Expand description
This is a small library that enables section-style testing in Rust. Section-style testing makes writing many similar test cases easy, natural, and concise.
Each top-level section test is run repeatedly, once for every unique section inside the test. This is more expressive and natural than fixtures because it lets you use local variables from parent scopes inside a section and because you can nest sections to an arbitrary depth.
Here’s an example:
#[macro_use]
extern crate section_testing;
enable_sections! {
#[test]
fn example_test() {
let mut v: Vec<i32> = vec![];
fn check_123(v: &mut Vec<i32>) {
assert_eq!(*v, vec![1, 2, 3]);
if section!("reverse") {
v.reverse();
assert_eq!(*v, vec![3, 2, 1]);
}
if section!("pop+remove+insert+push") {
let three = v.pop().unwrap();
let one = v.remove(0);
v.insert(0, three);
v.push(one);
assert_eq!(*v, vec![3, 2, 1]);
}
}
if section!("push") {
v.push(1);
v.push(2);
v.push(3);
check_123(&mut v);
}
if section!("insert") {
v.insert(0, 3);
v.insert(0, 1);
v.insert(1, 2);
check_123(&mut v);
}
}
}
The enable_sections!
macro modifies the test functions inside of it so
that they run repeatedly until all sections have been visited.

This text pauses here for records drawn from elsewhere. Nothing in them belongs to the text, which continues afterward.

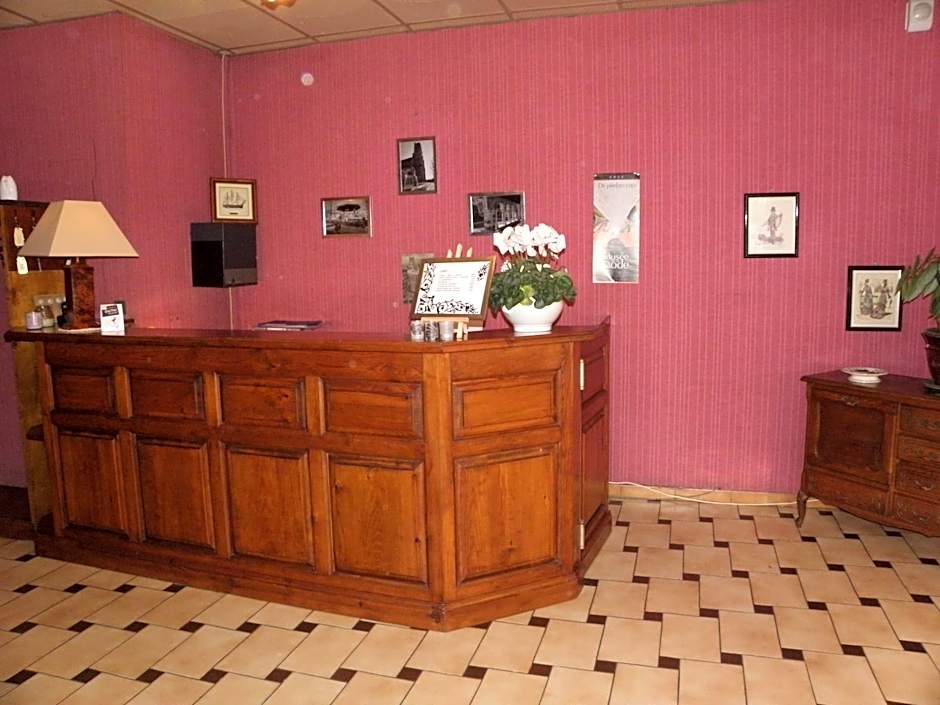 Le Barry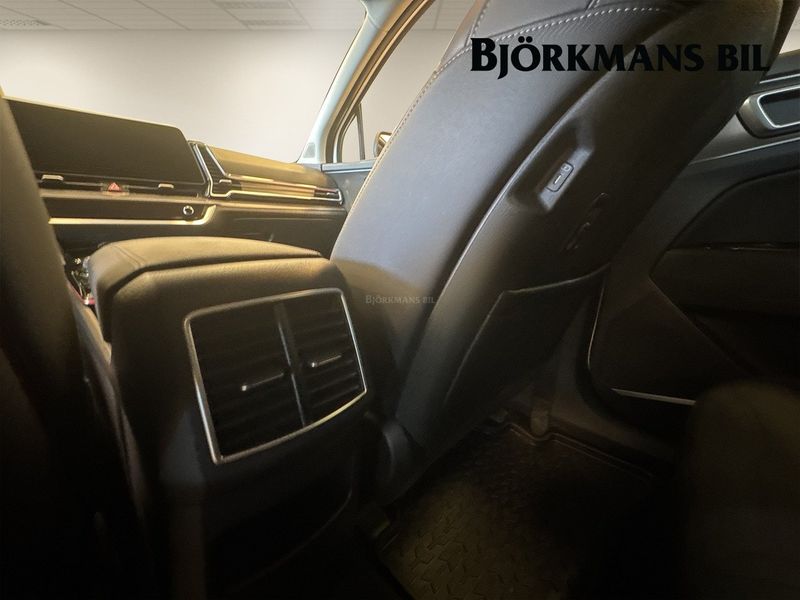 Kia Sportage bild 25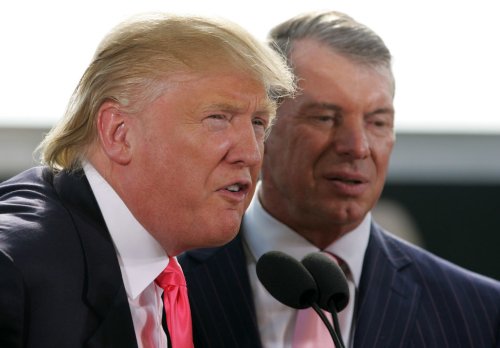 WWE’s Vince McMahon Probe Finds Ex-CEO Paid Millions To Donald Trump’s Charity; Wasn’t Reported as WWE Expense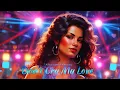 Lagu Don't Cry My Love ☆ Italo Disco ☆ Eurodisco ☆ 80's ☆ New Disco Hits by Romantic Dreams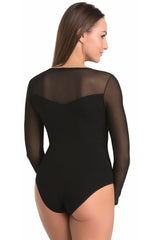 Shapewear Body model 183067 Teyli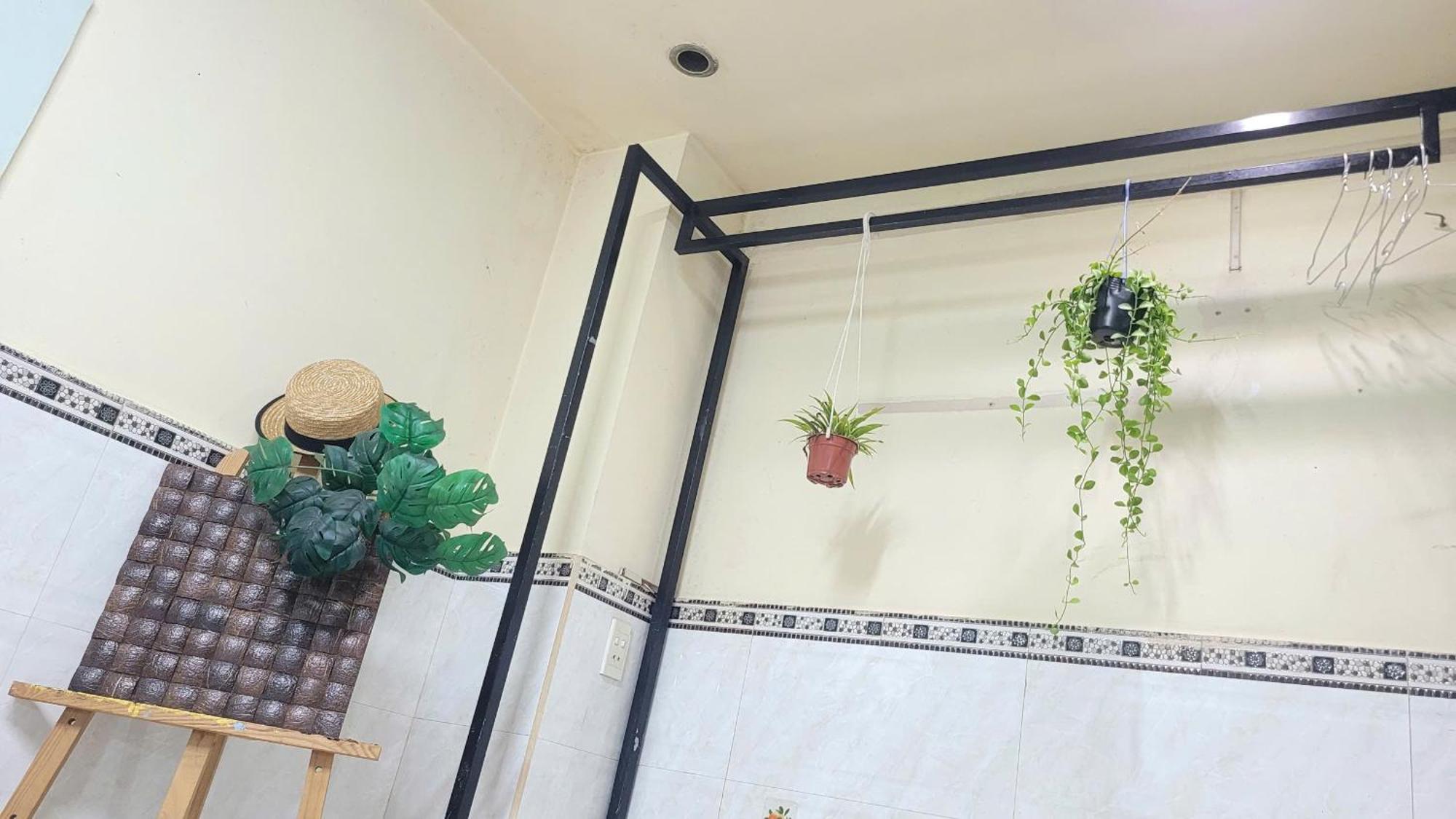 Homestay Fairy'S House Hô Chi Minh-Ville Extérieur photo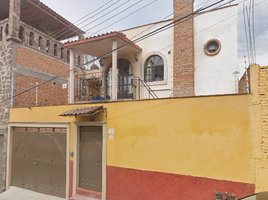 Villa 3 chambre à vendre à Allende, Guanajuato, Allende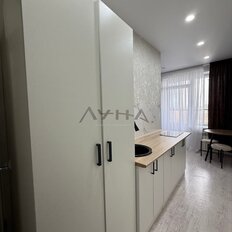 Квартира 17,8 м², студия - изображение 4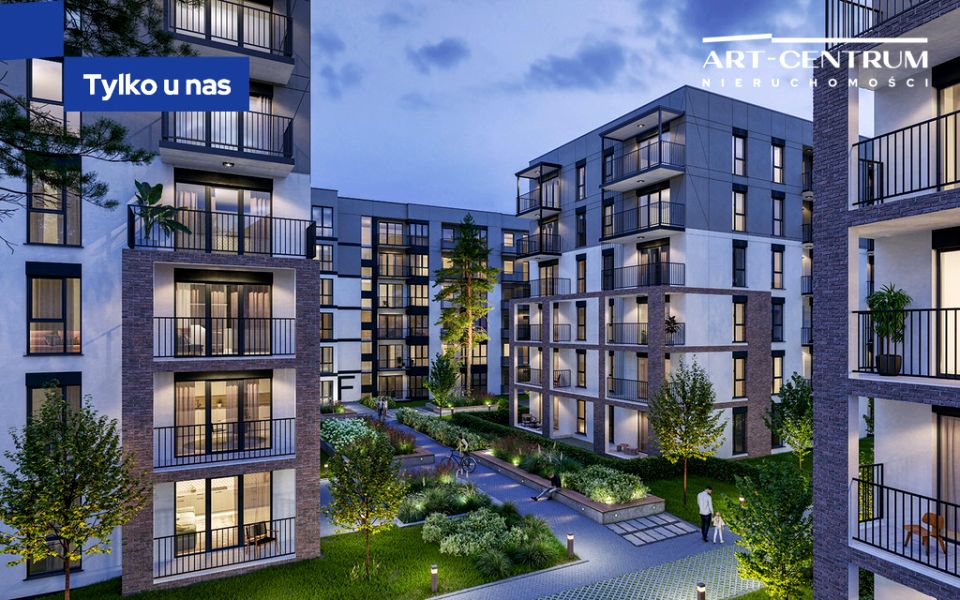 Mieszkanie BYDGOSZCZ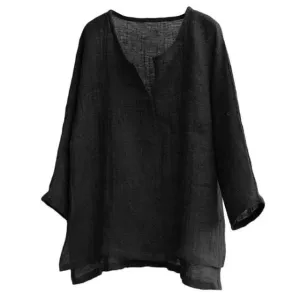 BreezeComfort Langarmshirt für Herren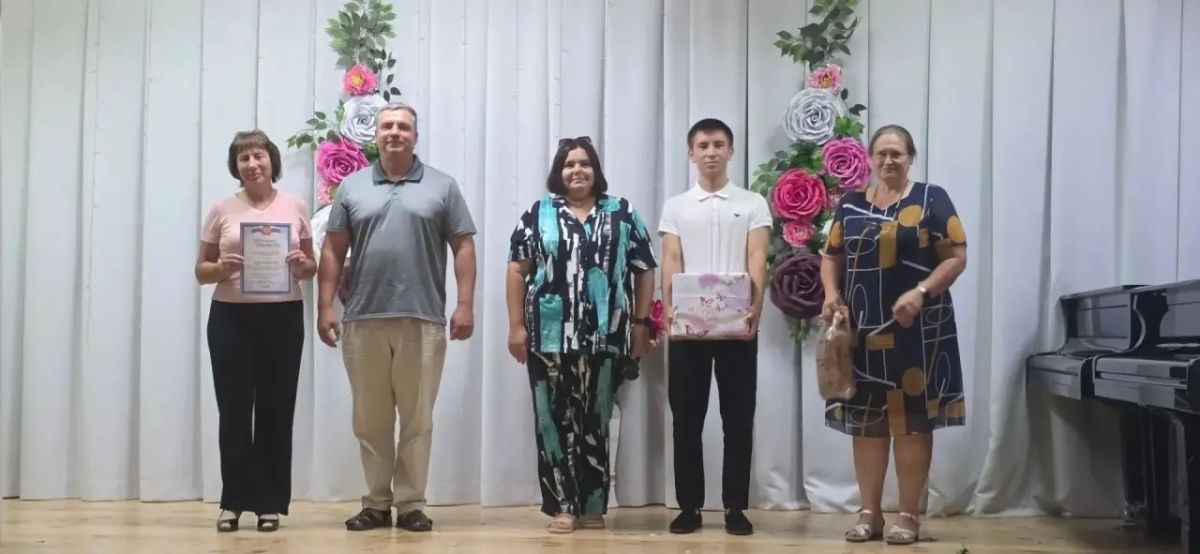 Приближается один из самых значимых дней в году – 1 сентября! Приближается один из самых значимых дней в году – 1 сентября!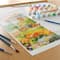 Cottage Paint-by-Number Kit by Artist's Loft™ Necessities™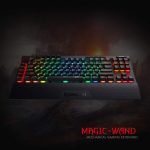 Optical Switch Keyboard - Redragon K587 PRO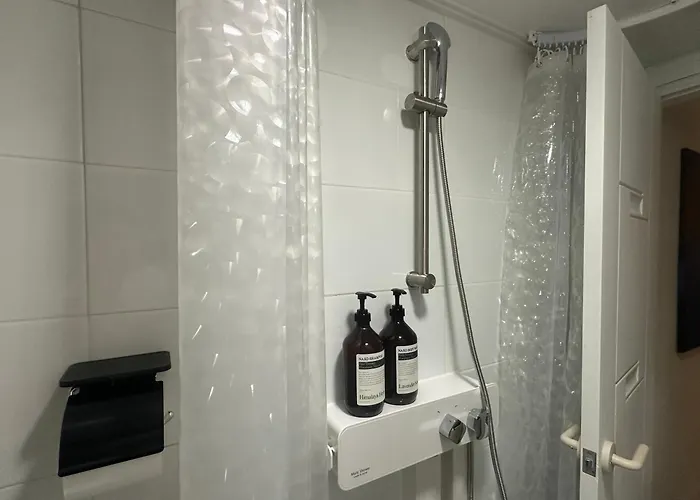Apartamento Soho-itaewon *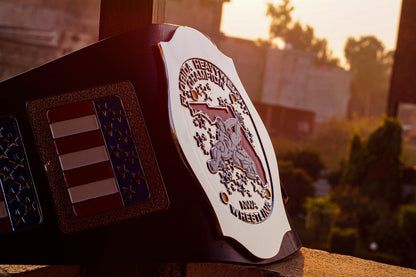 NWA Florida Heavyweight Title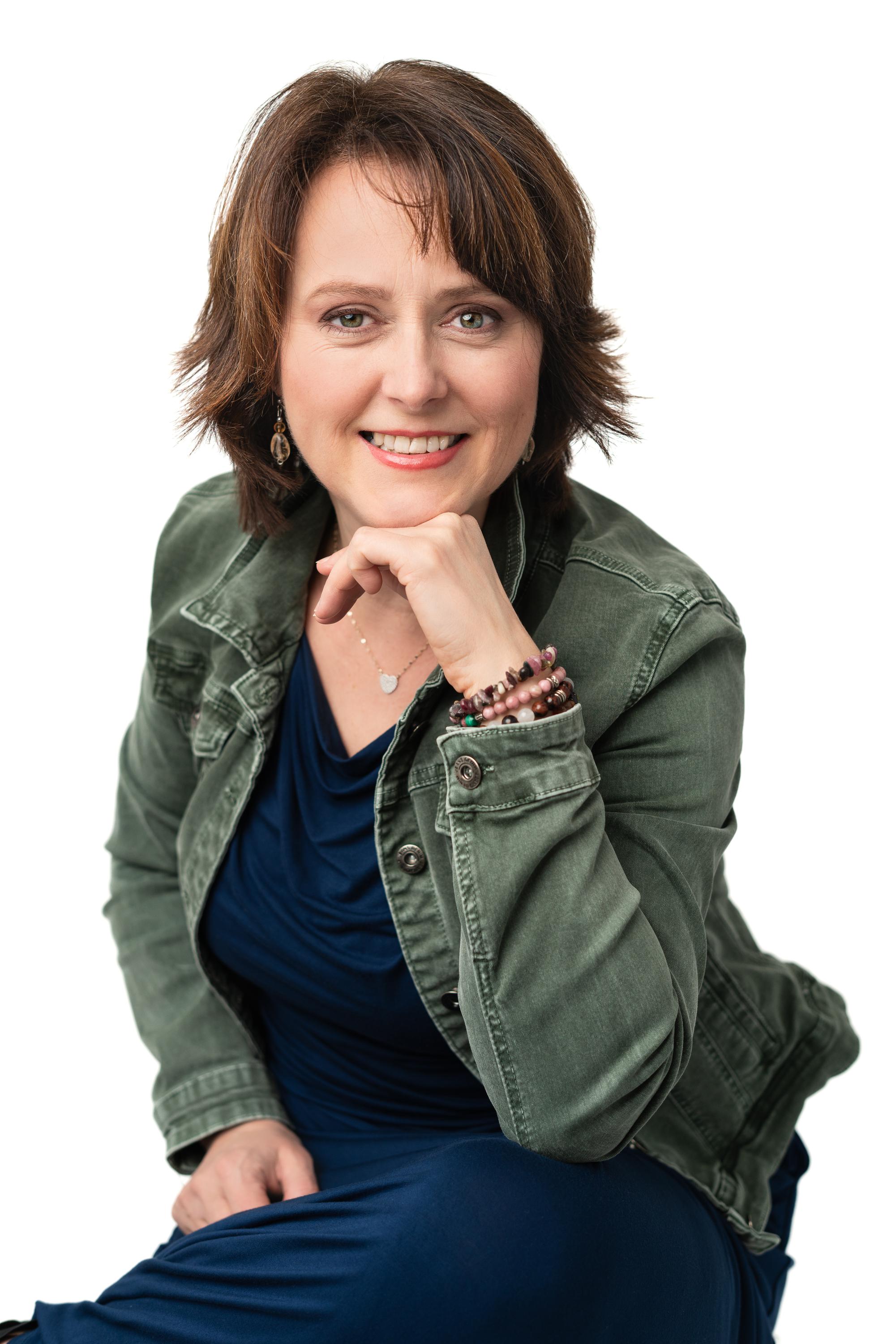 Renáta Nováková, Way2life.cz foto 5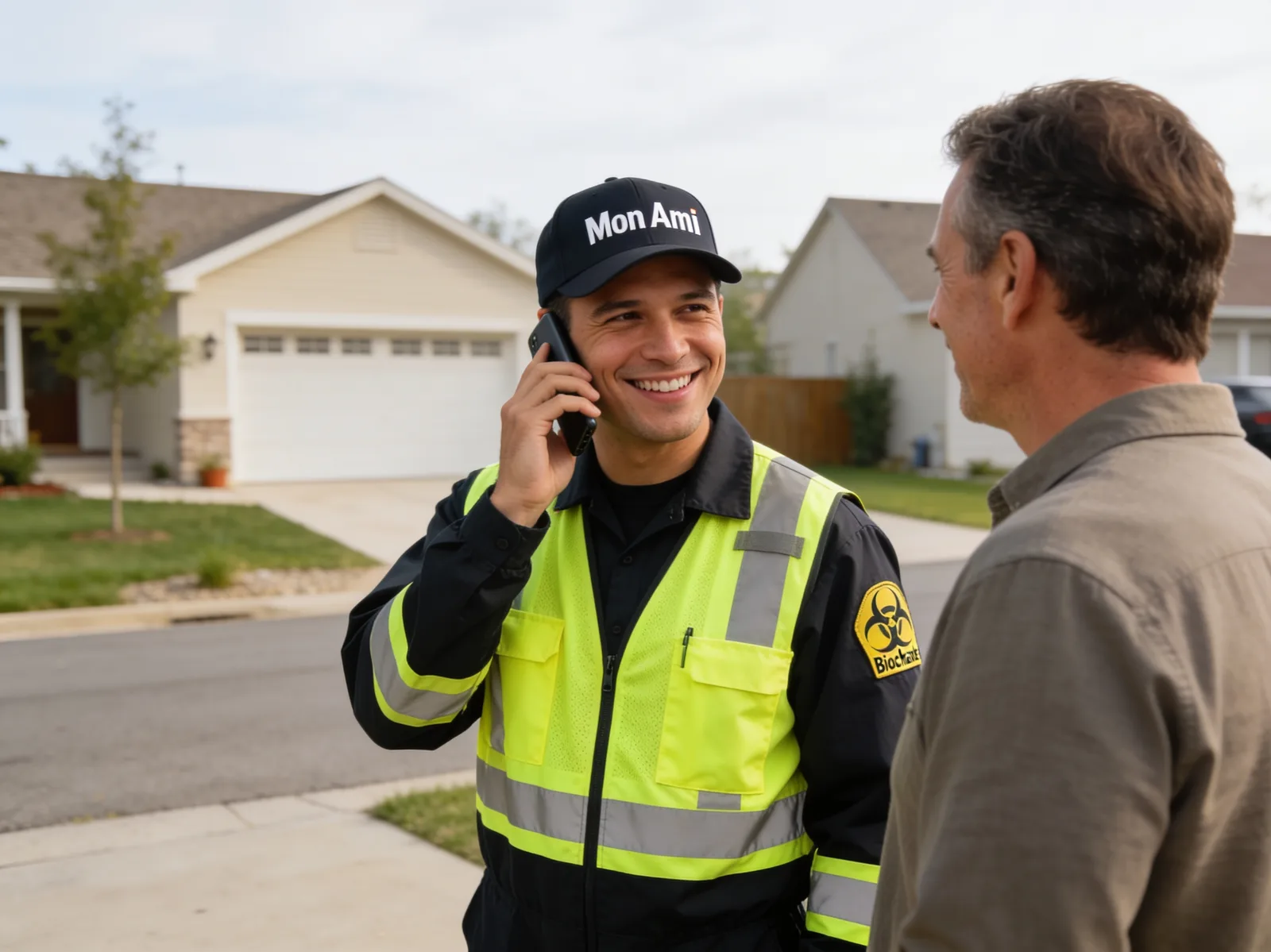 Sewage Cleanup Bonifay, FL FAQs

The
section!
macro returns a bool
for whether or not that section should be
run this iteration. This example test will check the following combinations:
push
push, reverse
push, pop+remove+insert+push
insert
insert, reverse
insert, pop+remove+insert+push
When a test fails, the enclosing sections will be printed to stderr. Here’s
what happens if we comment out v.push(one);
in the example above:
running 1 test
thread 'example_test' panicked at 'assertion failed: `(left == right)`
left: `[3, 2]`,
right: `[3, 2, 1]`', src/main.rs:30:9
note: Run with `RUST_BACKTRACE=1` for a backtrace.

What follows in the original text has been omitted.